In Mitochondria, It is Cytochrome c Oxidase that Absorbs Light and Affects Cellular Metabolism

In order for light therapy to work, light energy (which exists in little packets of energy called photons), must be absorbed by cells. It has been reported that there are many components of cells that are able to interact with light to affect cellular metabolism. A cellular enzyme in mammalian mitochondria, Cytochrome c oxidase, has been frequently studied as a photosensitive enzyme.

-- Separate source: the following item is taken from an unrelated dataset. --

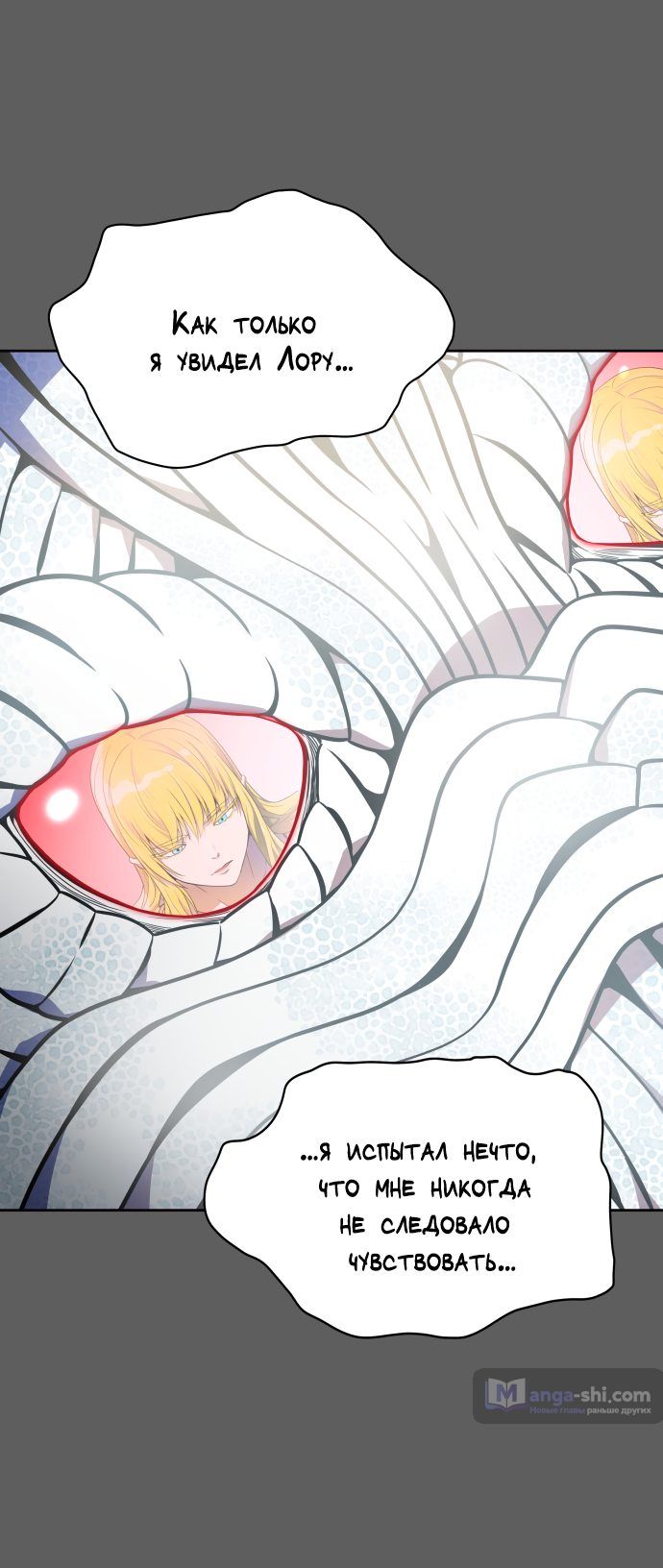 Страница 17 главы 151 манги Башня Бога / Tower of God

In a mitochondrion’s energy-producing process (which produces the energy for cells to live and function), cytochrome c oxidase is the final, crucial step. In the electron transport chain, it takes electrons from cytochrome c molecules, transfers them to an oxygen molecule, adds four protons to the mix and produces two molecules of water. In doing so, it moves protons across the mitochondria inner membrane that ultimately sparks the production of ATP, the cell’s fuel.

When exposed to light in the 670nm wavelength, cytochrome c oxidase is able to use that photonic energy and function very effectively.

From the Journal of Biological Chemistry: “Photobiomodulation Directly Benefits Primary Neurons Functionally Inactivated by Toxins”

Far-red and near-infrared (NIR) light promotes temporary relief from chronic pain, but the mechanism is poorly understood. Our previous studies using 670 nm light-emitting diode (LED) arrays suggest that cytochrome c oxidase, a photoacceptor in the NIR range, plays an important role in therapeutic photobiomodulation. If this is true, then an irreversible inhibitor of cytochrome c oxidase, potassium cyanide (KCN), should compete with LED and reduce its beneficial effects.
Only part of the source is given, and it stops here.